Provided data below:

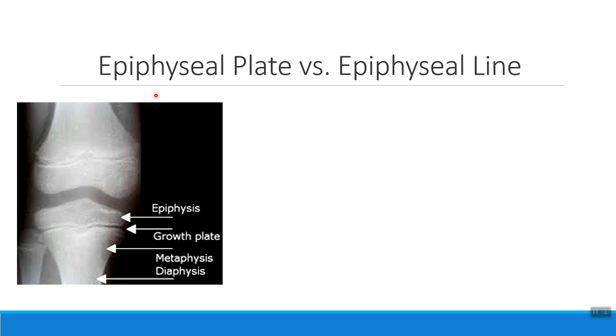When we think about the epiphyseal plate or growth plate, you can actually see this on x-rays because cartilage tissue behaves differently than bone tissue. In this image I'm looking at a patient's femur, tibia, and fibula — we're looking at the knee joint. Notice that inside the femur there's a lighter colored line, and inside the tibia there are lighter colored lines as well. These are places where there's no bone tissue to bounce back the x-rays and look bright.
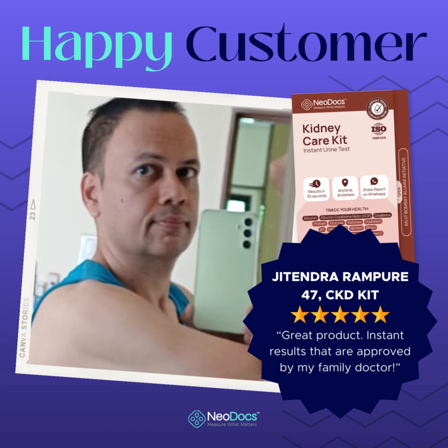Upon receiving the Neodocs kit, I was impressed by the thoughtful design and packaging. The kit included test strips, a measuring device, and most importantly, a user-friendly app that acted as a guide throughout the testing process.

End of Provided data.
Provided data below:

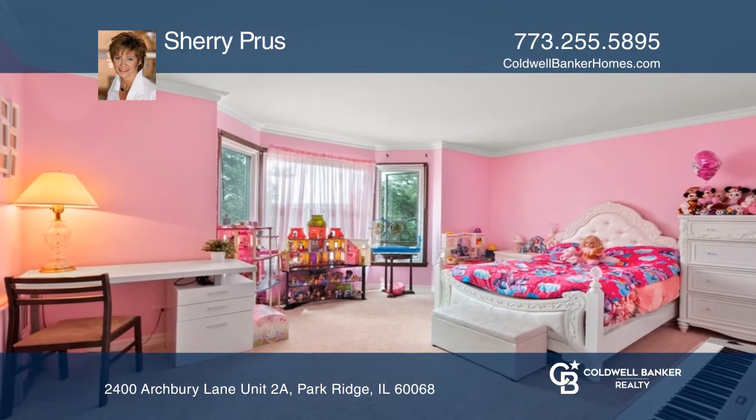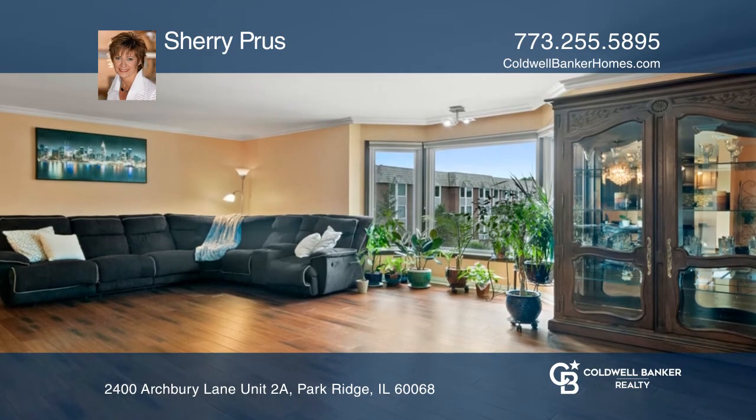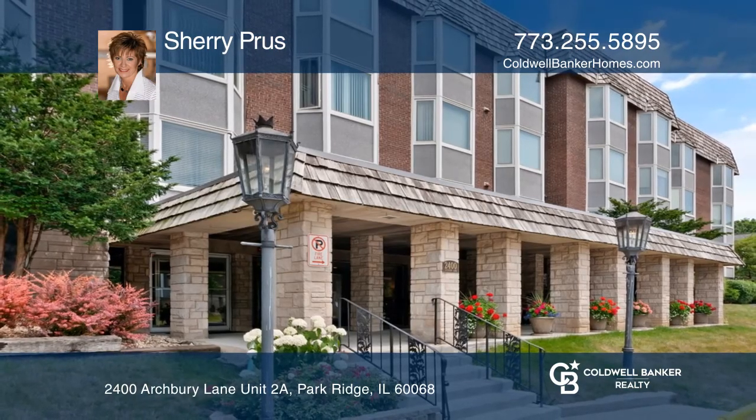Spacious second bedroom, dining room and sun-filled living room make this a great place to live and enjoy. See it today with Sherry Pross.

End of Provided data.
Provided data below:

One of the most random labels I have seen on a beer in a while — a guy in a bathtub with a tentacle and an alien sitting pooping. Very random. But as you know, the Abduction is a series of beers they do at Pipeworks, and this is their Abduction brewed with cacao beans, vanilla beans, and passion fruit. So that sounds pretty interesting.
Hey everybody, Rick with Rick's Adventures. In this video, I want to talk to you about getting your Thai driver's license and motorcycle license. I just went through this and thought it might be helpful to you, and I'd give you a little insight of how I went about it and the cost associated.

End of Provided data.

Exercise prompt —
Here the job is to copy the listing above word for word, starting at the line with "When we think" and ending at the line with "Upon receiving the", and to leave out the pictures.

Final answer —
When we think about the epiphyseal plate or growth plate, you can actually see this on x-rays because cartilage tissue behaves differently than bone tissue. In this image I'm looking at a patient's femur, tibia, and fibula — we're looking at the knee joint. Notice that inside the femur there's a lighter colored line, and inside the tibia there are lighter colored lines as well. These are places where there's no bone tissue to bounce back the x-rays and look bright.
Upon receiving the Neodocs kit, I was impressed by the thoughtful design and packaging. The kit included test strips, a measuring device, and most importantly, a user-friendly app that acted as a guide throughout the testing process.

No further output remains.